**What the task asks**
Retype the listing exactly as it stands, and keep every image out.

**Exercise materials**
↓↓↓

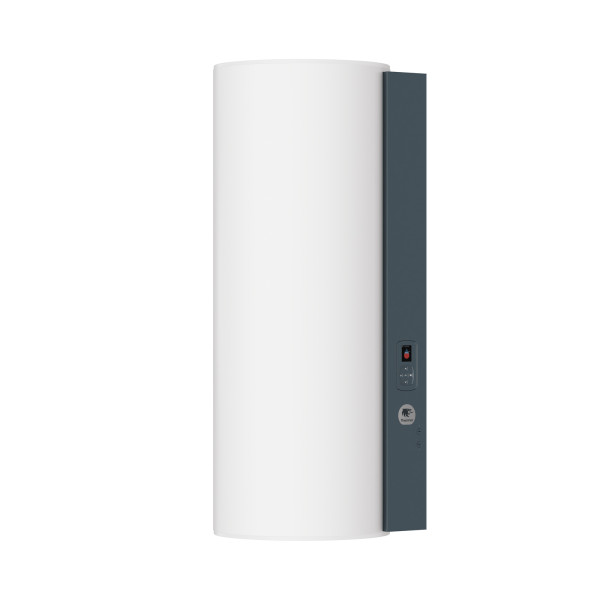 Thermodynamique aéromax split 3 ballon vertical mural 200l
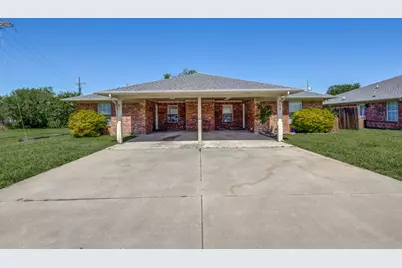 509 S Louisiana Street, Celina, TX 75009 - Photo 1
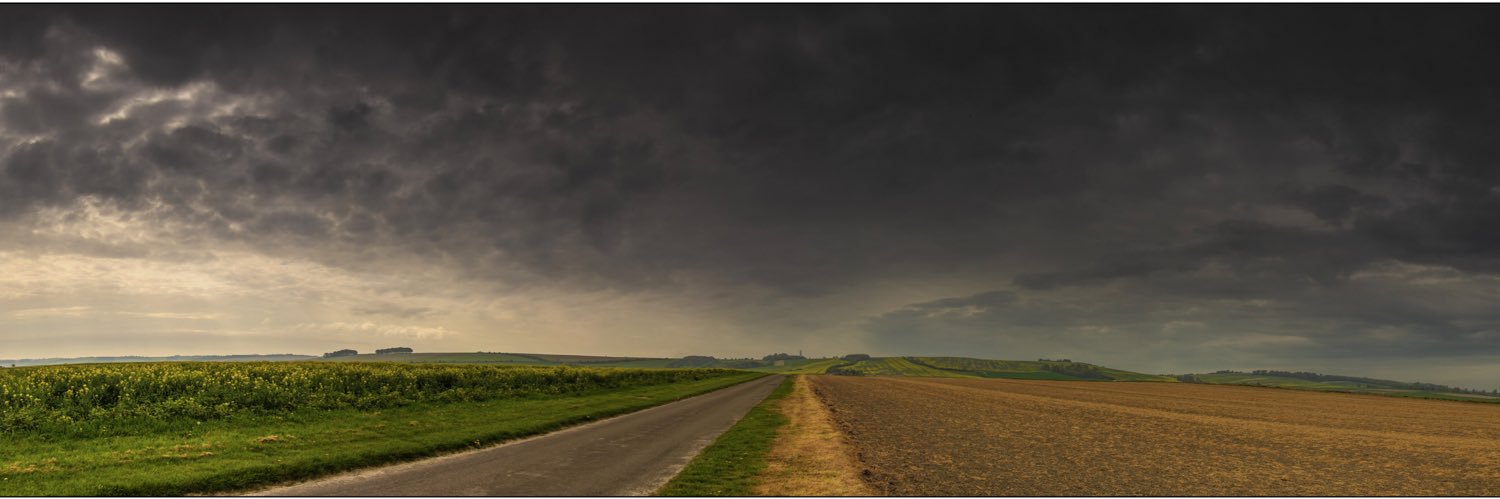 PeteSBoyd's profile banner image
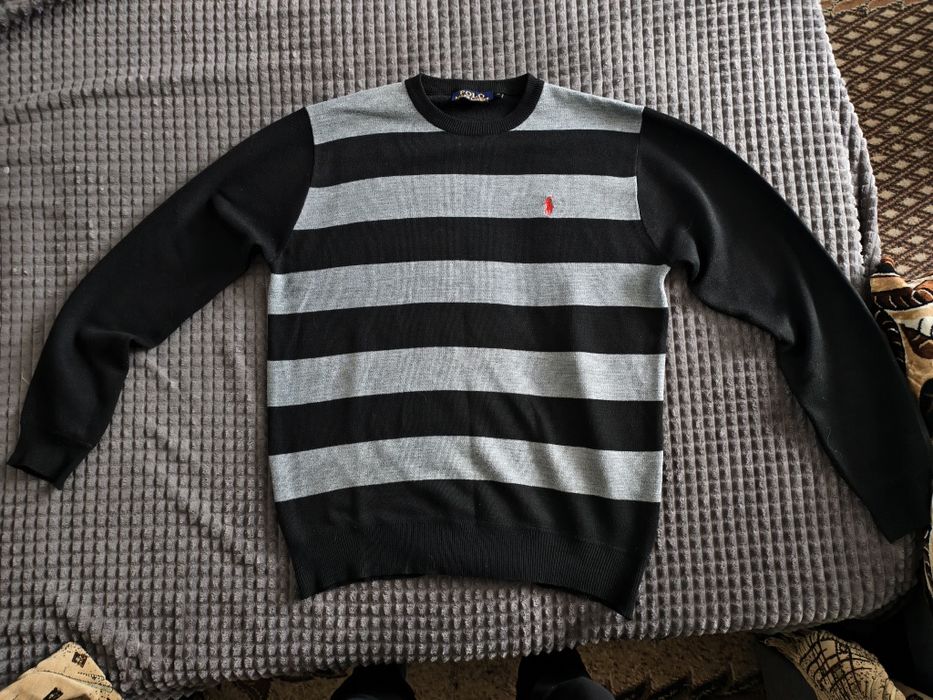 Кофта polo Ralph Lauren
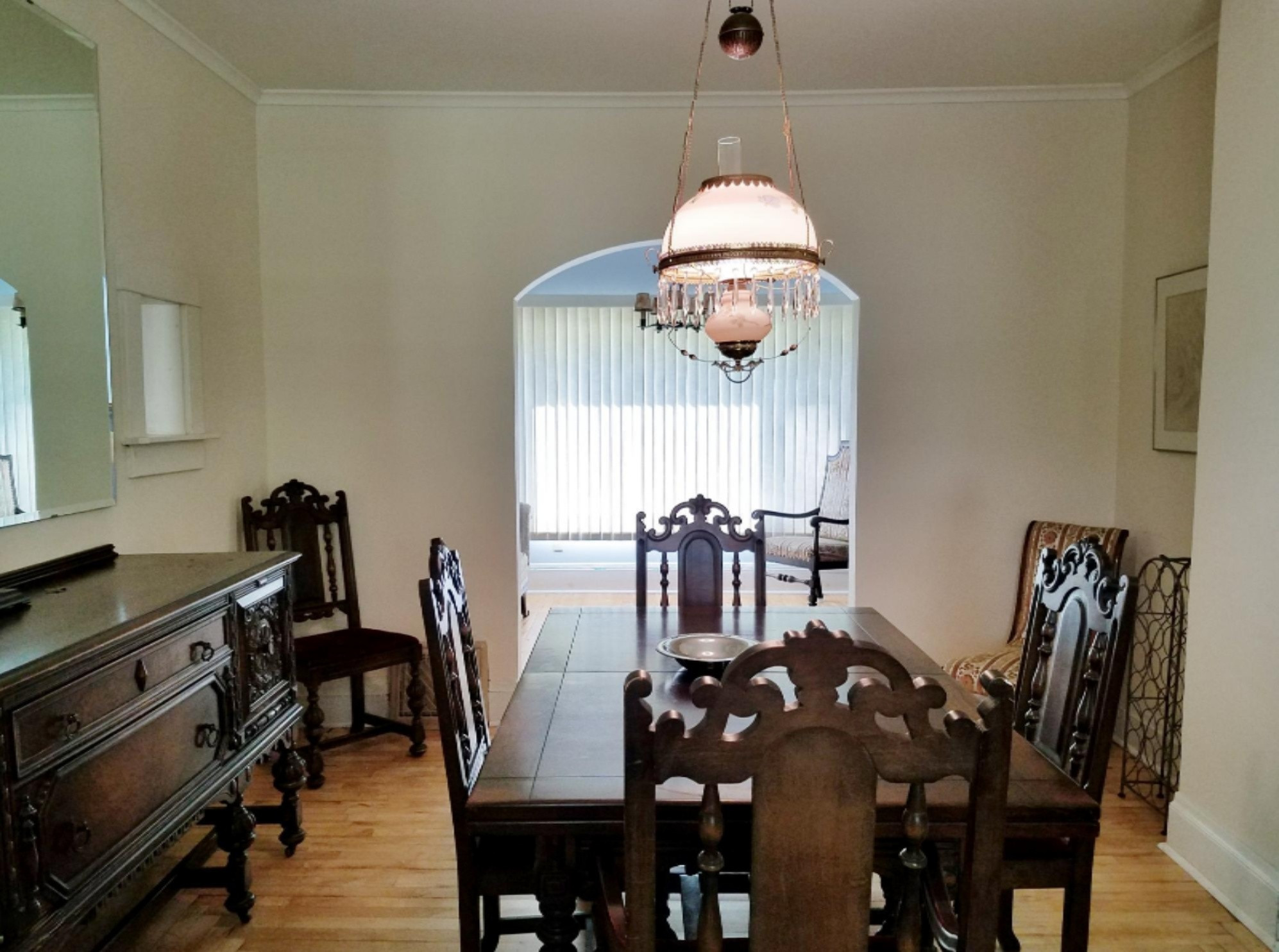 17079 3rd Street Arcadia, MI 49613 - Photo 6 of 40 Dining Room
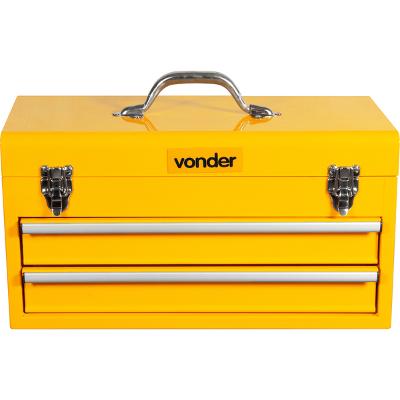 Gabinete para Ferramentas com 2 Gavetas  - Vonder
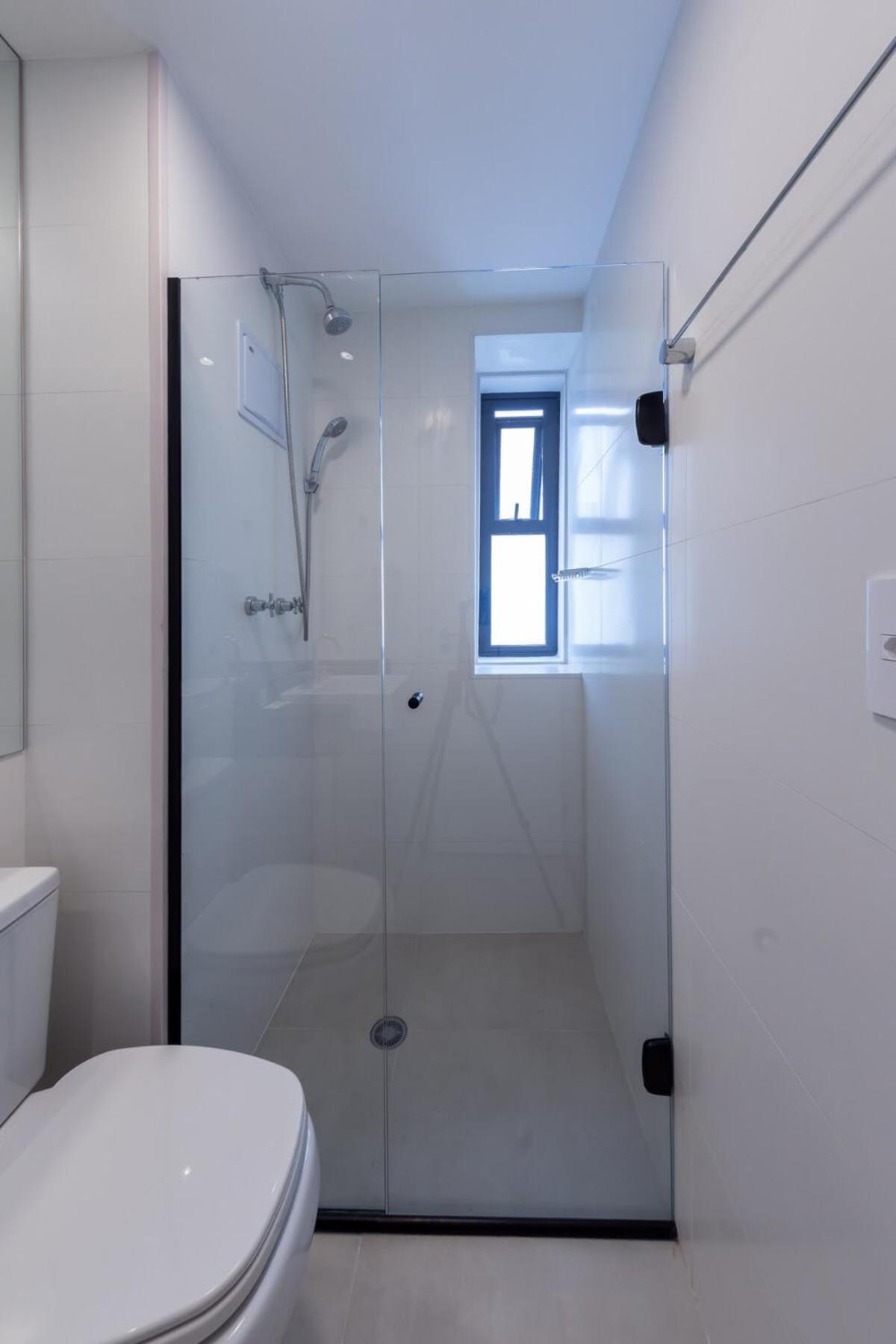 Apartamento B Homy Perdizes - Com Vaga De Garagem Va2003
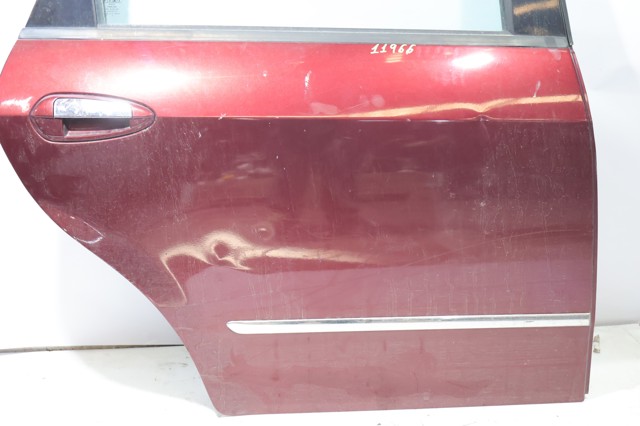 Porta traseira direita 51753029 FIAT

↑↑↑

**Exercise output**
 Thermodynamique aéromax split 3 ballon vertical mural 200l
 509 S Louisiana Street, Celina, TX 75009 - Photo 1
 PeteSBoyd's profile banner image
 Кофта polo Ralph Lauren
 17079 3rd Street Arcadia, MI 49613 - Photo 6 of 40 Dining Room
 Gabinete para Ferramentas com 2 Gavetas  - Vonder
 Apartamento B Homy Perdizes - Com Vaga De Garagem Va2003
 Porta traseira direita 51753029 FIAT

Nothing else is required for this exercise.